Lxc exec gives Failed to retrieve PID

arif-ali · June 23, 2021, 1:55pm

Hi all,

I have been using LXD for a while now, and not had any major issues. Recently (a few months now), I have been having the below error

Error: Failed to retrieve PID of executing child process

but haven’t spent time collecting logs or debug until now (rebooting my host or lxc stop/start has normally resolved it for me). I have looked through the forums, and seems there are a few people who had similar issues, but doesn’t seem like any of the resolutions seem to help with mine.

lxc exec debug

https://paste.ubuntu.com/p/nsP7vGVsZy/

log from /var/snap/lxd/common/lxd/logs/ldap/lxd.log

https://paste.ubuntu.com/p/ndsgqGZ3Jb/

log from /var/snap/lxd/common/lxd/logs/lxd.log

https://paste.ubuntu.com/p/Zmv98kHCfP/

ubuntu@pi01:~$ lxc exec ldap bash
Error: Failed to retrieve PID of executing child process

Below are the versions of lxc/lxd for info

ubuntu@pi01:~$ lxc version
Client version: 4.15
Server version: 4.15
ubuntu@pi01:~$ lxd version
4.15
ubuntu@pi01:~$ sudo snap list | grep lxd
lxd     4.15                    20811  latest/stable  canonical*  -
ubuntu@pi01:~$ cat /etc/issue
Ubuntu 21.04 \n \l
ubuntu@pi01:~$ uname -a
Linux pi01 5.11.0-1009-raspi #10-Ubuntu SMP PREEMPT Fri May 14 14:49:24 UTC 2021 aarch64 aarch64 aarch64 GNU/Linux

Any thoughts on this would be appreciated?

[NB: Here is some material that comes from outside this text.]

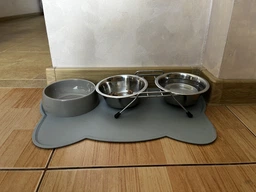Силиконовый коврик под миску для котов и собак для корма и воды (серый)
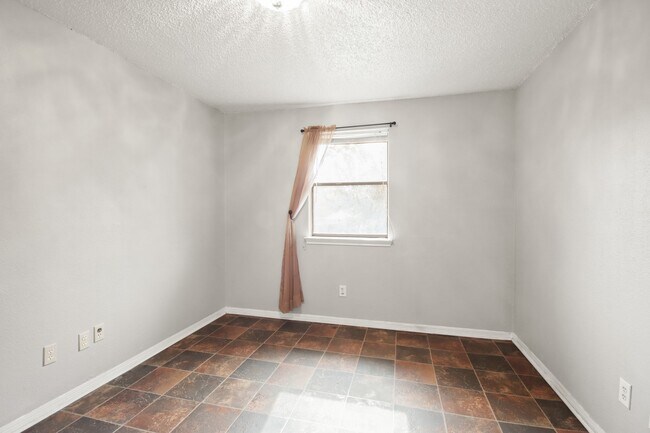 Building Photo - 17610 Possums Run Dr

stgraber · June 23, 2021, 4:15pm

That’d be one for @brauner but it sounds like it may be cgroup related.

The raspberry pi kernel comes with the cpuset and memory cgroups disabled by default. I don’t know if it’s related, but maybe enabling them (done through a kernel boot parameter) would work around this issue?

arif-ali · June 23, 2021, 4:32pm

Interesting…

I do have the following on the kernel command line, which are typically on all my rpi4s.

cgroup_enable=memory cgroup_memory=1

Maybe I need to add cgroup_enable=cpuset as well, I’ll add that tonight, and see if that could potentially solve it.

arif-ali · June 24, 2021, 5:13pm

no luck I’m afraid, (but that addition has fixed my other issue with my MAAS in LXC)

at 15:38 localtime, there as a termination signal, not sure why, and how, the first pastebin shows that. Maybe this is the time when it is causing this potentially (I was doing an lxc exec randomly during the day with success, until now)

https://paste.ubuntu.com/p/4t5Bqgkmy9/

Below is the log for the lxc container, but as you can see from the logs, nothing really from when the LXD daemon was terminated and then restarted

https://paste.ubuntu.com/p/t4j44wVpZX/

After some checks in journal log, I find that snap refresh is run, and hence lxd is stopped. More from the journal here

Maybe, I’ll give it a reboot, and stop the refresh, and see if that may be the cause

brauner · June 29, 2021, 7:41am

Can you provide me with the trace log of the container?

snap set lxd daemon.debug=true
snap set lxd daemon.verbose=true
systemctl restart snap.lxd.daemon.service

and then paste me the container’s log, please?

arif-ali · July 1, 2021, 4:43pm

I set those flags a few days ago, but since the last auto refresh, I’ve not seen the issue.

I think the cpuset enablement may have gone a long way in helping to move it forward, but below is the logs from a specific container as requested.

https://paste.ubuntu.com/p/hnTfgGGy2Z/

I tried manual refreshes, but didn’t get the same logs from before, as that just restarted all the containers. So it was weird to see, and may have been a one-off, and probably going to ignore until I see it again.